Summon - RCA - October 22, 25 and 30, 2018
This document serves as a Root Cause Analysis for the Summon service interruption experienced by Ex Libris customers on October 22, 25 and 30, 2018
The goal of this document is to share our findings regarding the event, specify the root cause analysis, outline actions to be taken to solve the downtime event, as well as preventive measures Ex Libris is taking to avoid similar cases in future.
Service interruption was experienced by Ex Libris customers served by theSummon instance at the North America Data Center during the following hours:
- October 22nd 2:20PM-5:20PM CT
- October 25th 9:50AM – 11:48 CT
- October 30th during 11:00AM-1:00PM CT
During those periods Summon search application was intermittently unavailable.
Ex Libris systems engineers immediately identified the cause of the issue and disabled some features in Summon in order to allow search functionality to work properly.
All features were re-activated after ~2 hours, once system stability could be assured.
Root Cause Analysis
Ex Libris Engineers investigated this event to determine the root cause analysis with the following results:
The issues were found to be the result of a load of new content in addition to high search traffic experienced during weekly update of Summon.
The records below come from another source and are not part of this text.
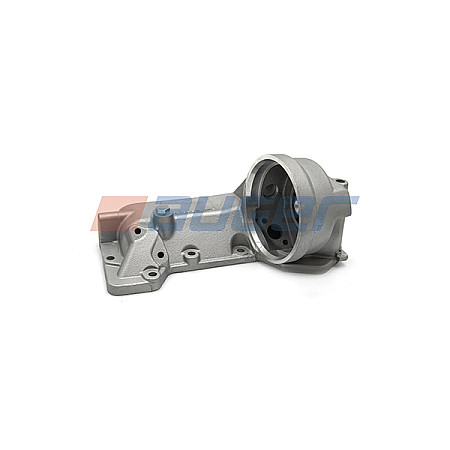 Carcasa radiator ulei EN Oil radiator hose MERCEDES NG O 303 OH SK TOURISMO O 350 TOURO O 500 TRAVEGO O 580 NEOPLAN CITYLINER JETLINER SKYLINER TRANSLINER OM401.905-OM457.976 01.70- AUGER AUG88009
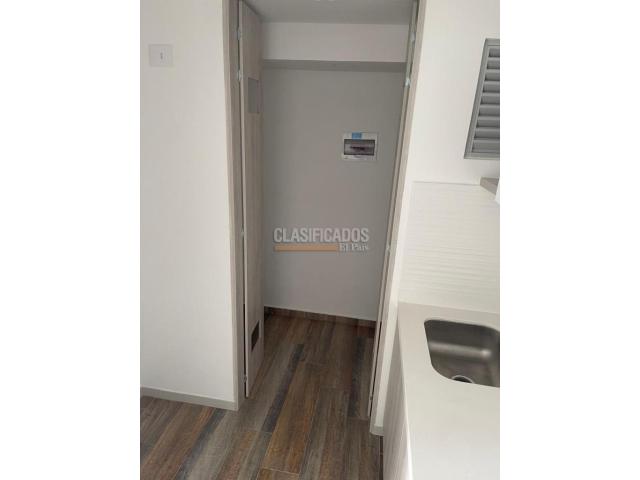 Apartamentos, Alquiler en Pereira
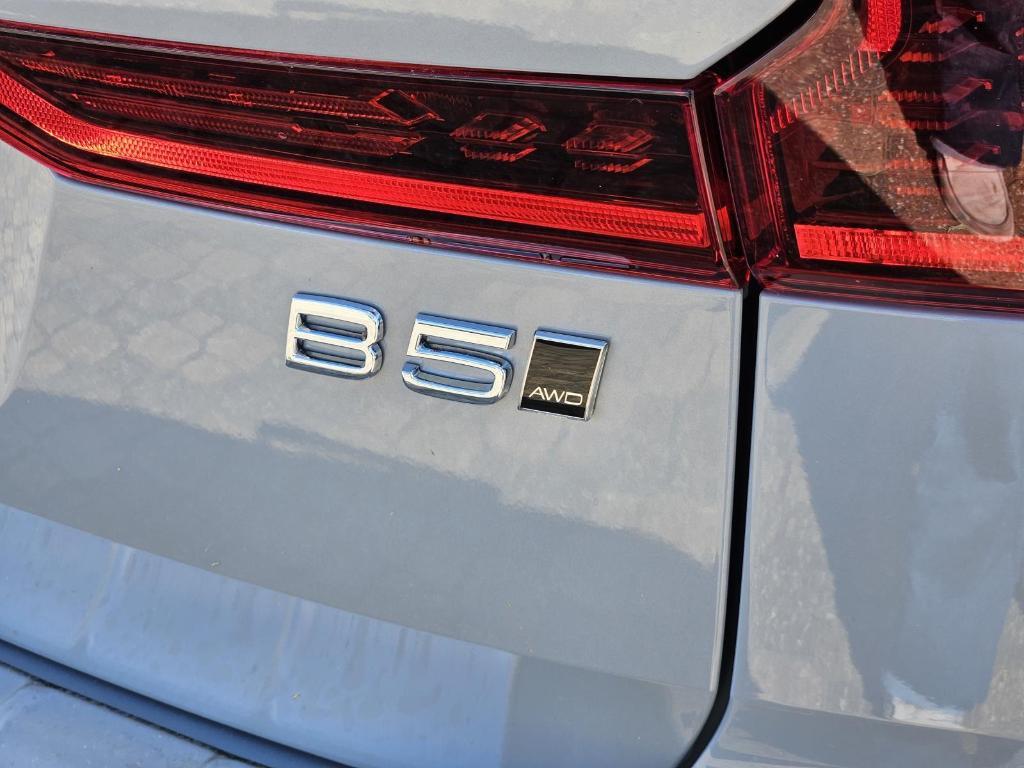 new 2026 Volvo XC60 car, priced at $55,485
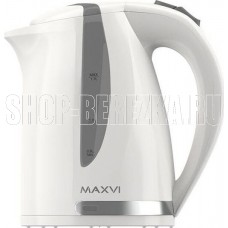 MAXVI KE1701P white-grey
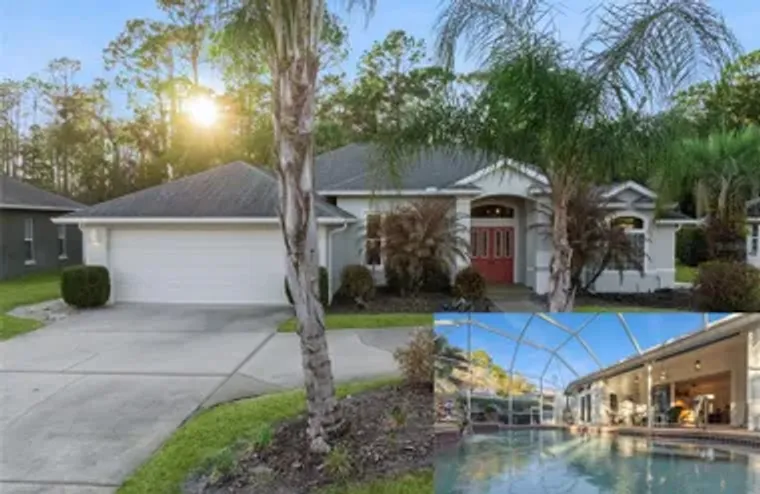 25 CREEK BLUFF WAY, ORMOND BEACH, FL, 32..., Ormond Beach, FL 32174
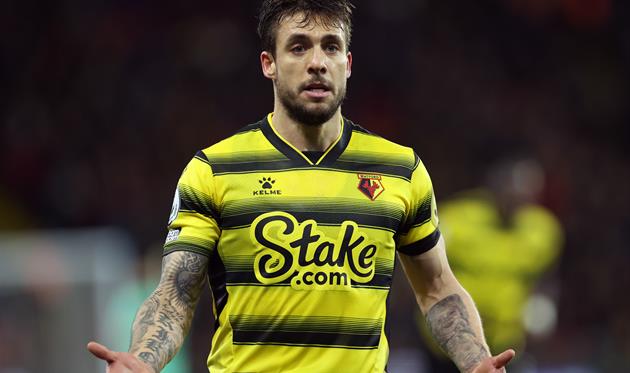 кіке феменія, getty images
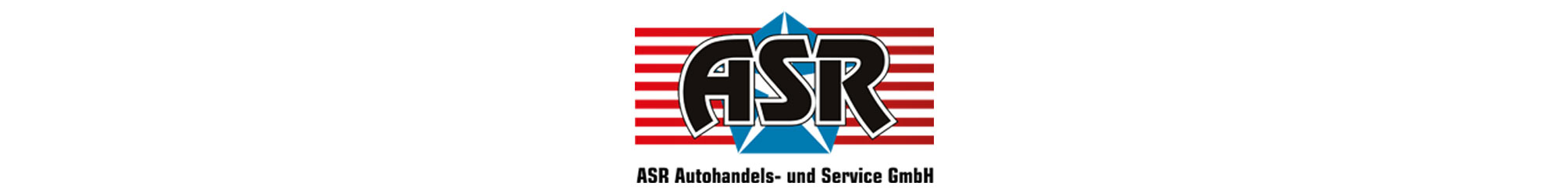 ASR AUTO Handel und Service GmbH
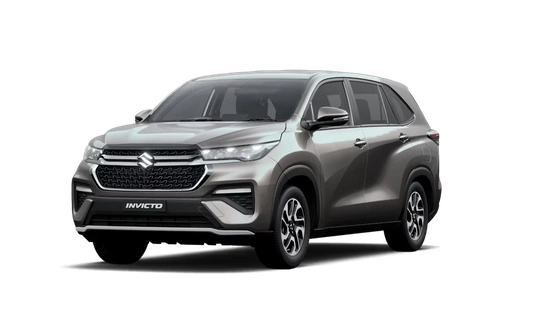 Maruti Suzuki Invicto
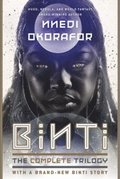 Binti: The Complete Trilogy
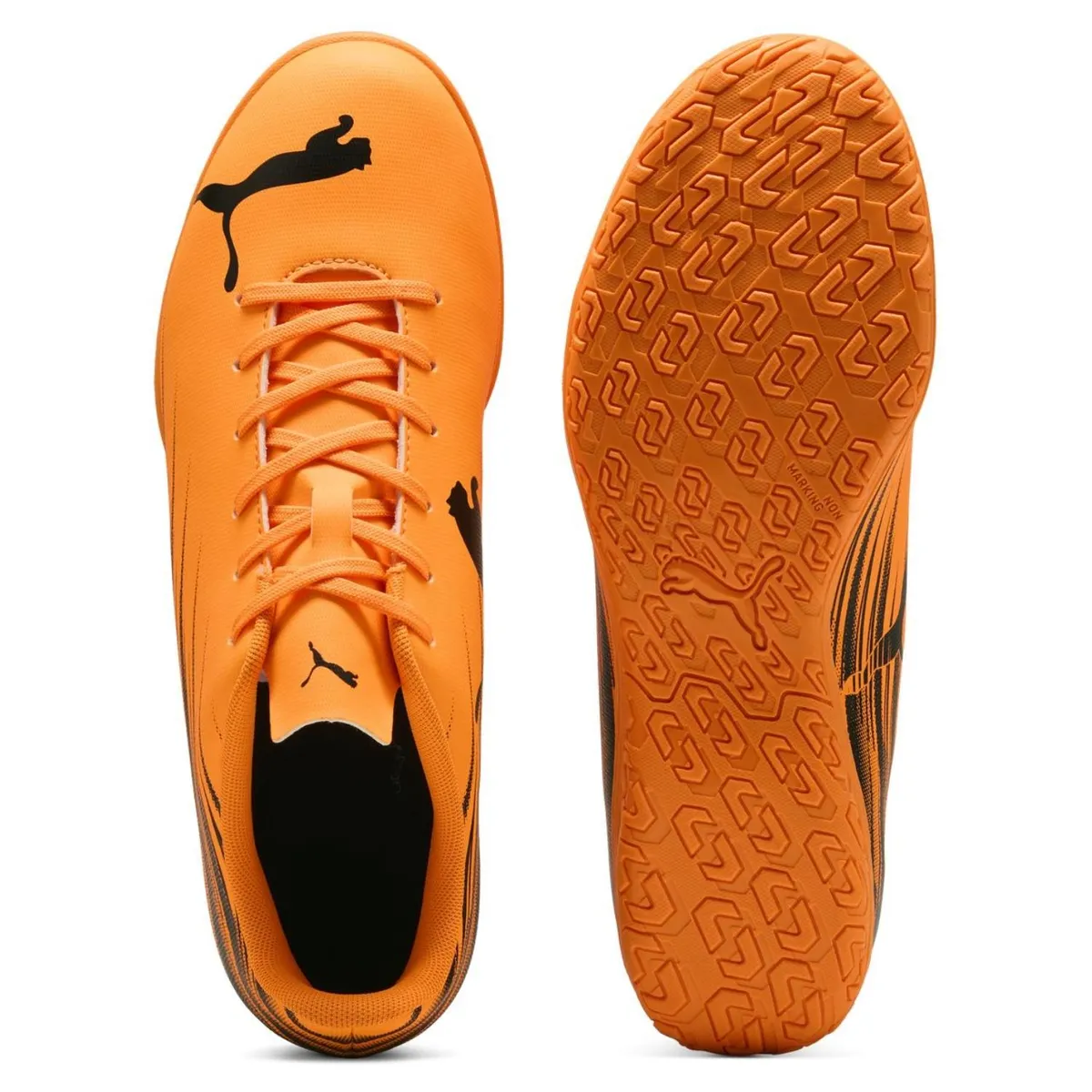 PUMA - Zapatillas Futbol Hombre Puma Attacanto Ii Indoor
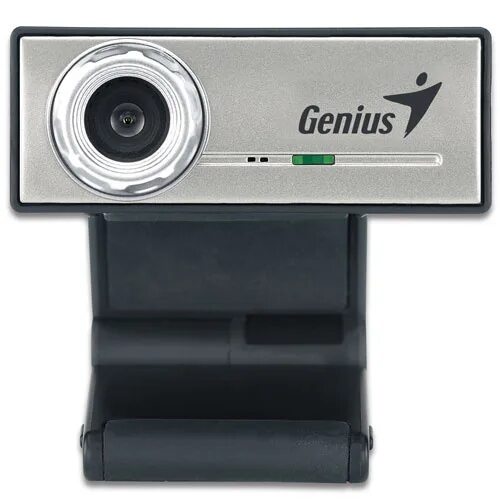 Genius веб камера как подключить Web-камера Genius iSlim 300X - купить с доставкой по выгодным ценам в интернет-м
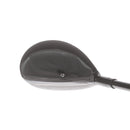 TaylorMade Qi10 Graphite Mens Right Hand 5 Hybrid 25* Regular - Fujikura Ventus TR HB 6-R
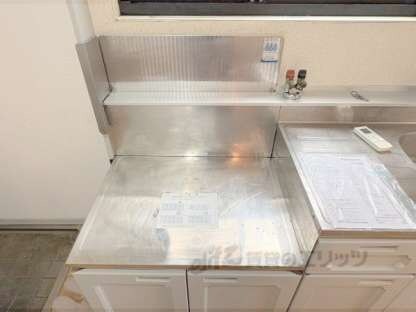 どんぐりハウスの物件内観写真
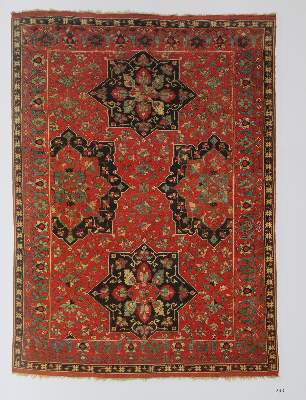 Bild Nr.1: 145-678 Engelhardt,E.: (Teppiche)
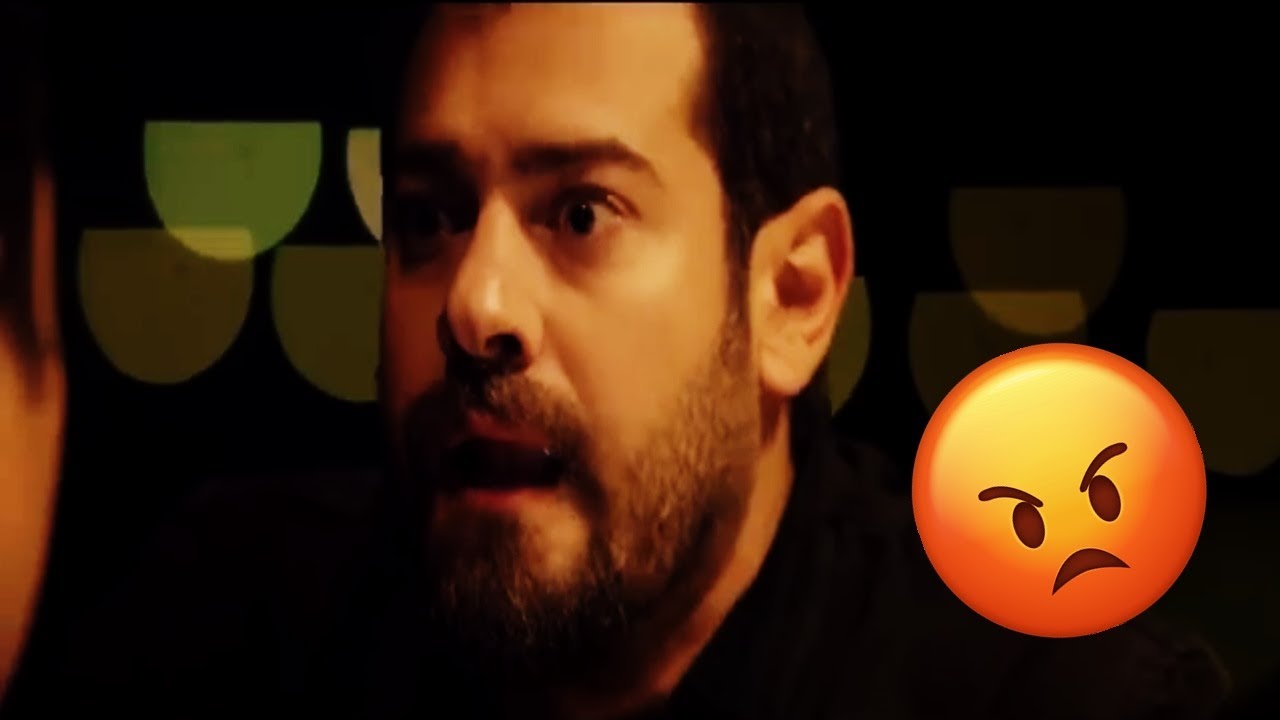 يوسف خرج بكفالة وانهار تماماً وعاوز يقتل الضابط ويقتل سعاد ويودي نفسه في داهية 😢😢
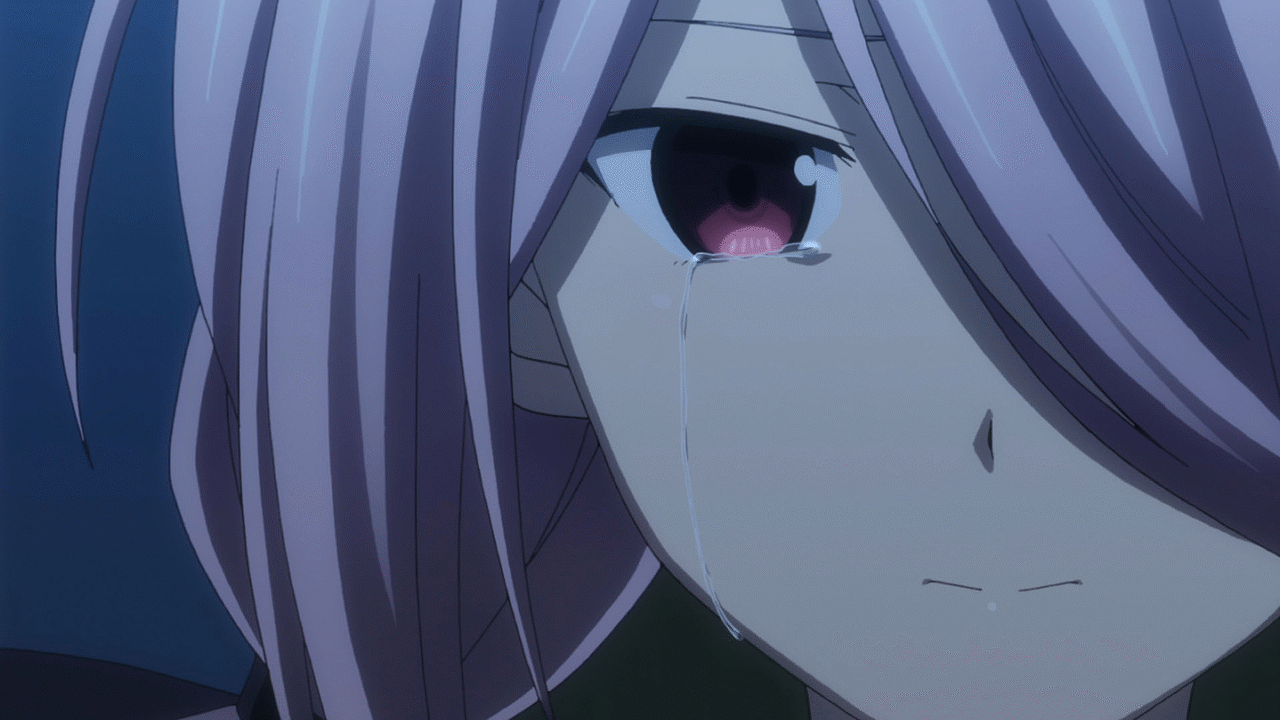 Chaos Child 第9話 Dアニメストア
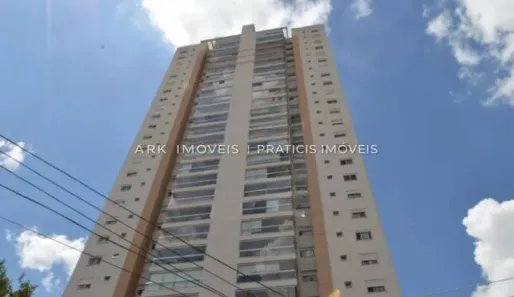 Apartamento com 3 Quartos à venda, 143m² no Ipiranga, São Paulo
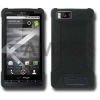 Silicone Skins for Moto droid X/MB820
This caused some search requests to return slower than usual or time out.
Technical Action Items and Preventive Measures
Ex Libris has taken the following action and preventive measures to avoid such an occurrence in future:
- The software was rolled back to a previous version to alleviate the issues for our clients while we research and test.
- R&D are currently both enhancing the Summon software to handle this situation in a way that protects Summon end users as well as researching what is possible to prevent the slowness that was seen with the Summon/Beacon connection during this period, particularly focusing on the new Summon data center in DC01.
ExLibris is committed to providing customers with prompt and ongoing updates during Cloud events. Ongoing and prompt updates on service interruptions appear in the system status portal at this address: http://status.exlibrisgroup.com/
- Optimized the content on Summon in order to reduce the impact of high search rate on performance. This helped reduce the duration of the performance degradation but has not resolved it entirely.
- Additional hardware has been added to Summon in order to further optimize performance and help prevent future performance degradation.
|November 6, 2018||Initial Publication|